- [Given information]:
<<<<
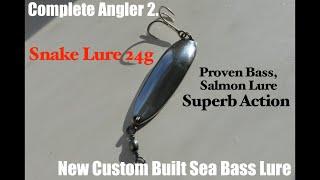 New Custom Built Sea Bass Lure from Complete Angler 2. The Snake Lure 24g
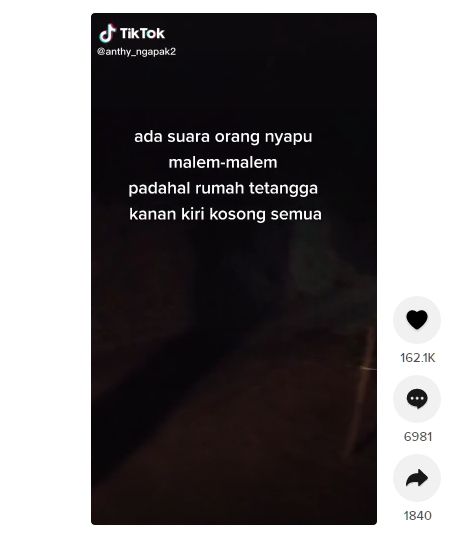 Netizen unggah video TikTok mistis yang vital. (Dok. TikTok)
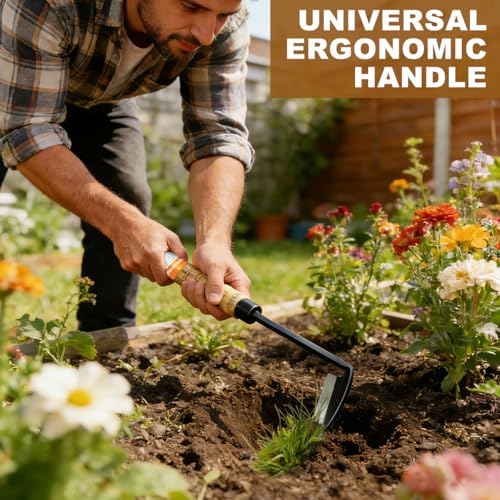 Garden Weeding Hoe, a Professional Handheld Sharp Weeding Tool for Managing Gardens, Gardens, and Farms (Large)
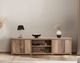 International Furniture Direct Natural Parota Brown TV Stand-2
>>>>
- [Instructions to follow]:
With pictures omitted, copy exactly the lines from the one containing "Garden Weeding Hoe, a" through the final line of the listing, both included.

- [Response area]:
 Garden Weeding Hoe, a Professional Handheld Sharp Weeding Tool for Managing Gardens, Gardens, and Farms (Large)
 International Furniture Direct Natural Parota Brown TV Stand-2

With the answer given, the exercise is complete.